Recorded data -

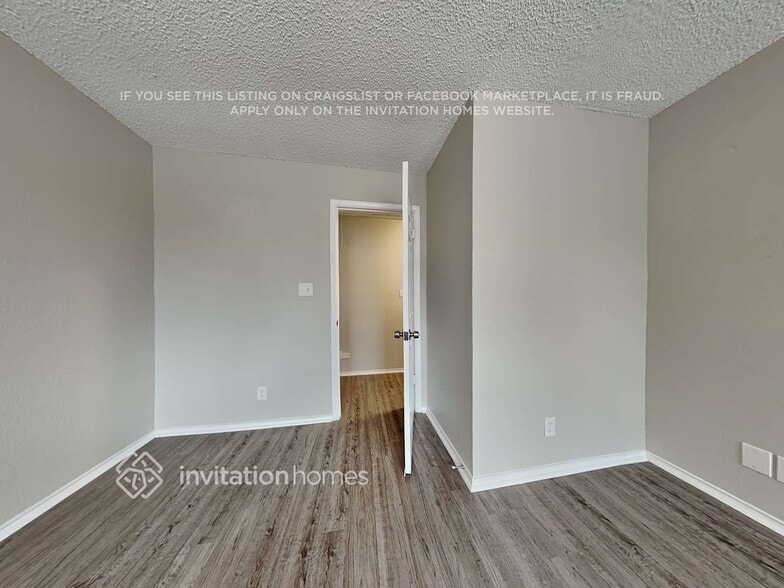 Building Photo - 1001 Apache Oaks Dr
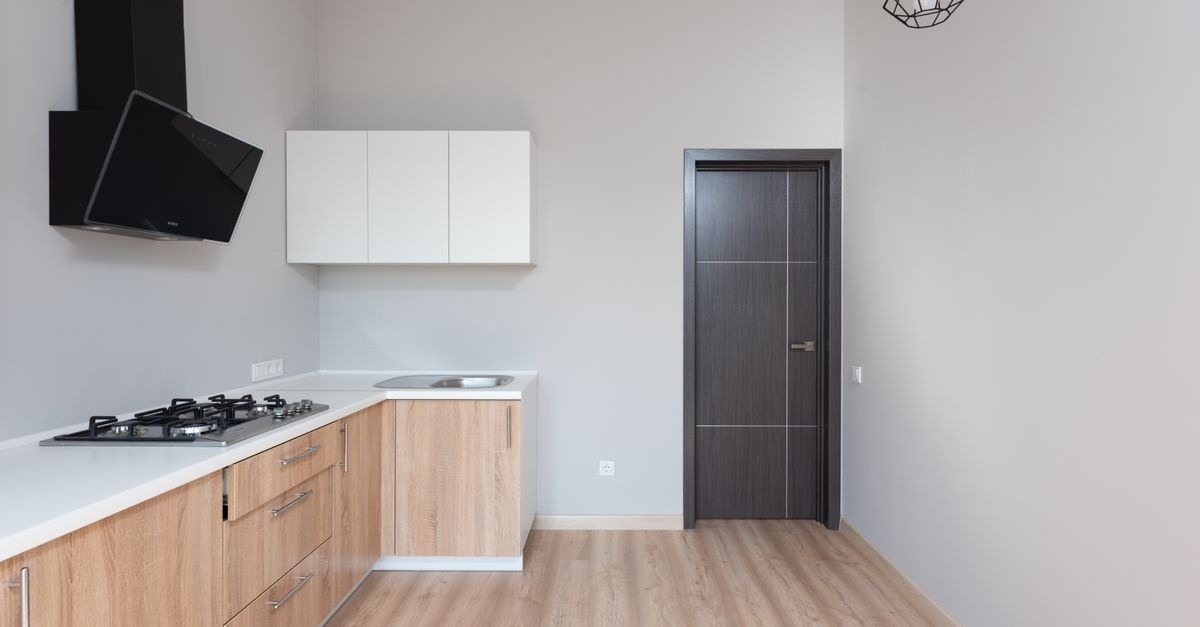 Bucătărie fără stres: alege pardoseala de vinil care face față umezelii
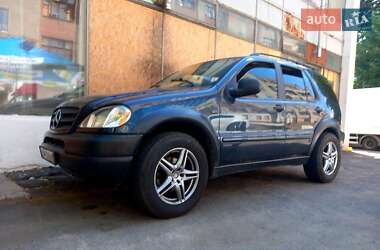 Позашляховик / Кросовер Mercedes-Benz M-Class 2001 в 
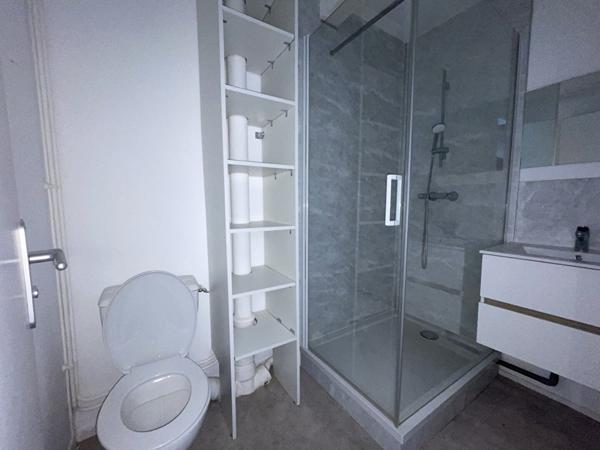 À louer / Studio 22 m² avec balcon, proche gare centre de Reims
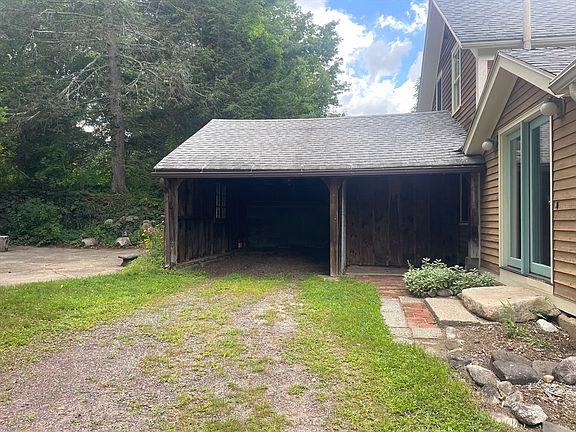3rd image of 254 Spring St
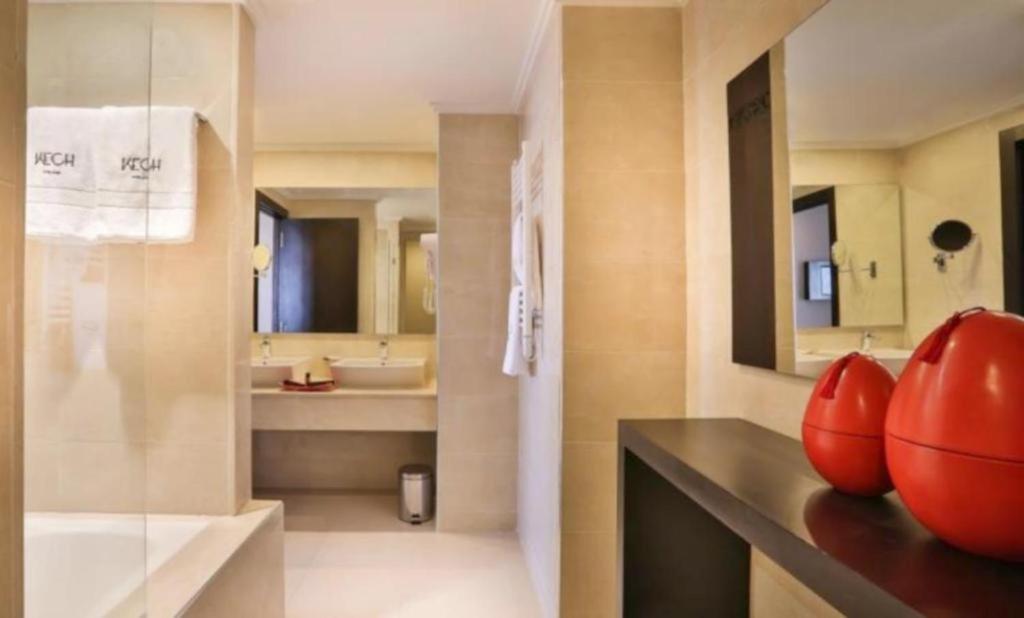 Koupelna v ubytování Kech Boutique Hotel & Spa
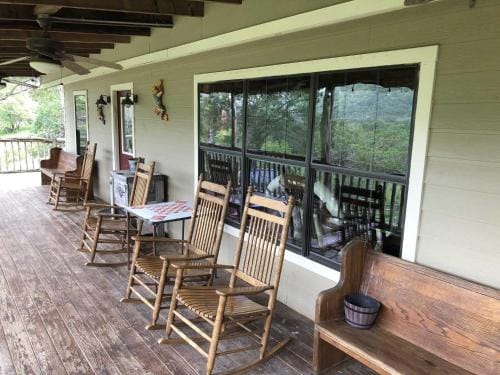 Antler Mountain House Hotel in Rio Grande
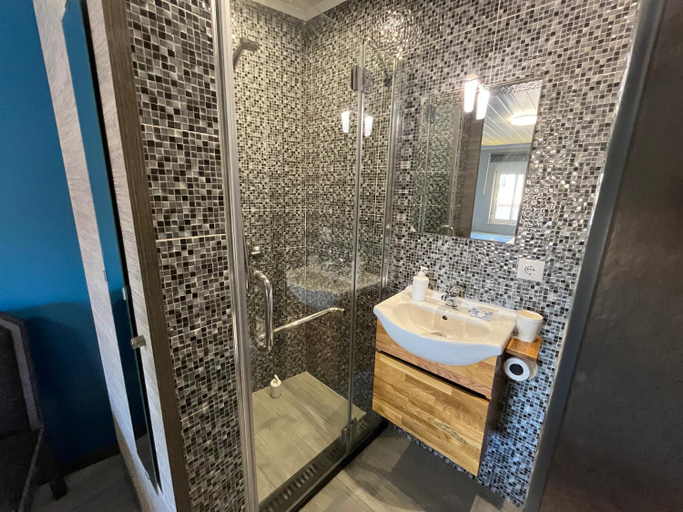 Bathroom 4, Sun House - Pool & Kitchen - Near Sintra, Sintra
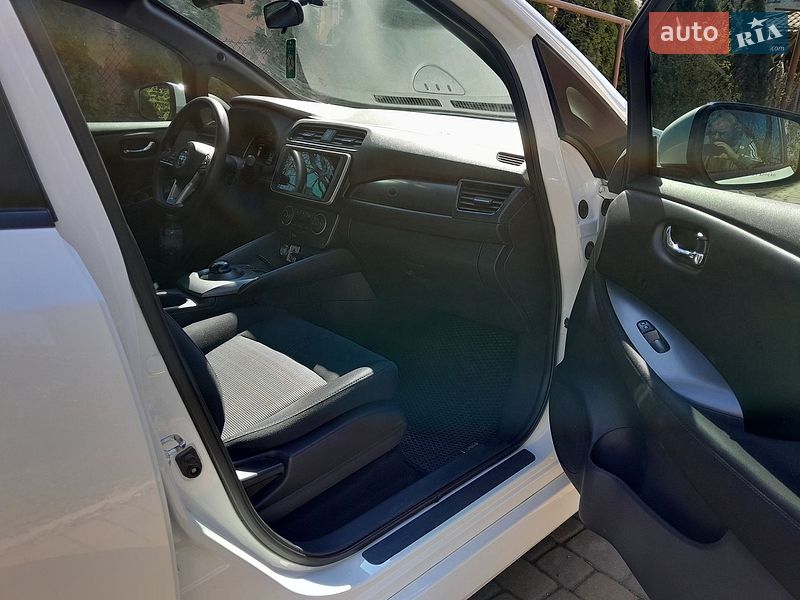 Хэтчбек Nissan Leaf 2019 в Черновцах
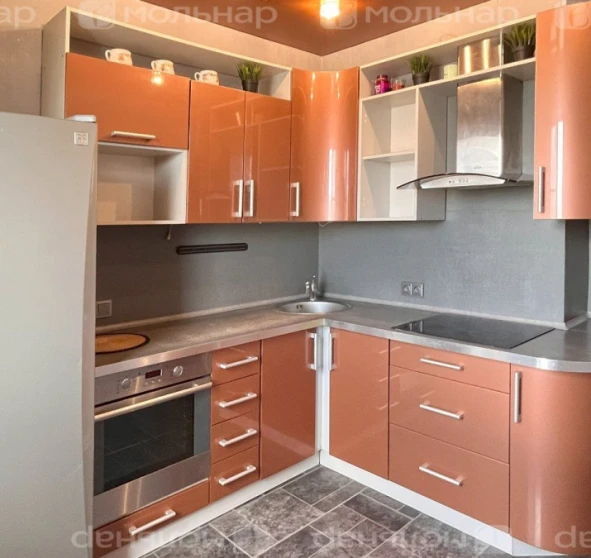 Foto 1. Tres Ambientes piso, en venta. Minsk Московский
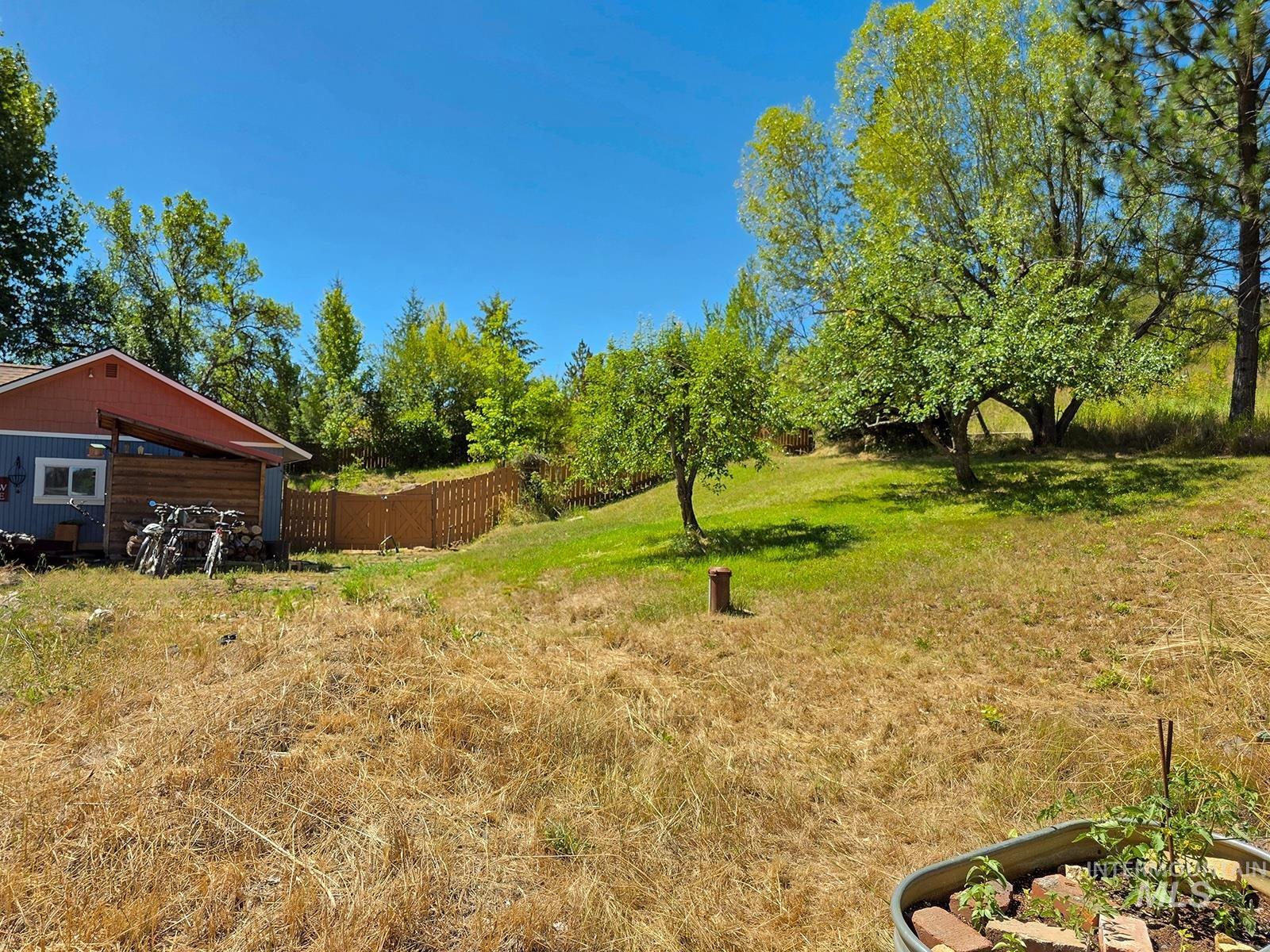 1031 Spring Valley Road Troy, ID 83871 - Photo 10 of 44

What is being asked - Any picture in the material is to be dropped; the rest is repeated exactly.

Written response -
 Building Photo - 1001 Apache Oaks Dr
 Bucătărie fără stres: alege pardoseala de vinil care face față umezelii
 Позашляховик / Кросовер Mercedes-Benz M-Class 2001 в 
 À louer / Studio 22 m² avec balcon, proche gare centre de Reims
3rd image of 254 Spring St
 Koupelna v ubytování Kech Boutique Hotel & Spa
 Antler Mountain House Hotel in Rio Grande
 Bathroom 4, Sun House - Pool & Kitchen - Near Sintra, Sintra
 Хэтчбек Nissan Leaf 2019 в Черновцах
 Foto 1. Tres Ambientes piso, en venta. Minsk Московский
 1031 Spring Valley Road Troy, ID 83871 - Photo 10 of 44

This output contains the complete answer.